Cold feet.
August 13th, 2008 by KimOh no. Not this again.
Maybe it was dinner last night with good friends I won't see for many months, or the phone feud over a relationship gone sour at least in part because, next week, I will be leaving for another coast, another time zone, another life phase for at least three years.
It's not excitement, really. It's a mixture of anxiousness and inevitability.
And still I haul out the boxes and go to the basement for my suitcases and check my flight time over and over and plan for my last day of work on Friday, convincing myself that graduate school is the only -- the inevitable -- next step.
For those who have the luxury, going to college after high school isn't a question. My parents, bless them, were adamant that I should go away to the mainland, so it was only a question of WHERE on the mainland I would be.

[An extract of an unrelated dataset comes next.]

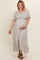 Light Blue Floral Smocked Plus Maternity Maxi Dress
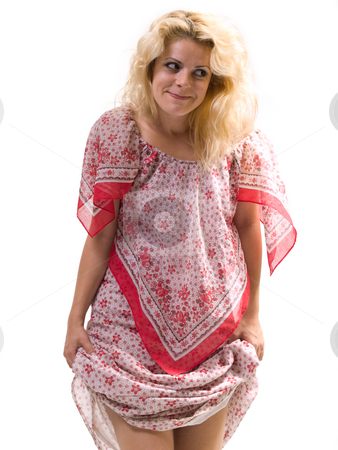 To use this stock image in your creative project, please select the size you need over to the right and click the "Add to Cart" button.
Your downloaded image will come with the Cutcaster watermark removed so don’t worry about the watermark you see on this page. Woman holding dress stock photo, Blond woman holding her dress up by Adrian Costea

I ended up in Williamstown, Mass., where there is never real rice in the dining hall, where Hawai‘i is still considered exotic and foreign, and where temperatures dipped to -20 degrees during my first February there. The school had 2,000 students. Total. The town had a handful of decent restaurants, a coffee shop, one main street and one stoplight. I'd say it took me about a year and a half to get used to the place. It would have been fairly easy to pick up and leave or transfer after that first horrible winter.
But, with my parents and friends behind me, I stuck it out. I truly believe the experience made me a better, stronger person, less afraid of the uncomfortable and the unknown.
Choosing to return to graduate school was a little different. I like to think I made the decision a little more independently this time around, and plus, whereas for me, NOT going to college was never a question, not going to grad school was.
At graduation in 2006, I never thought I'd be back in the academic world so soon. It's bizarre to me that I feel this way about leaving Hawai‘i, since I wanted to stay on the East Coast after graduation. Now I understand why Barack Obama always returns to this place.
There were many other questions: whether to stay in Hawai‘i for grad school, which school to go to, which COUNTRY to go to, what kind of program to go into, and WHEN I should go. And ... whether going back was worth exhausting my savings and returning to the life of a starving student for another couple of years. "If you don't go back now," people said, "you'll probably never go."
I got in, deferred one year to work at the Advertiser, and paid my deposit for fall 2008 in January.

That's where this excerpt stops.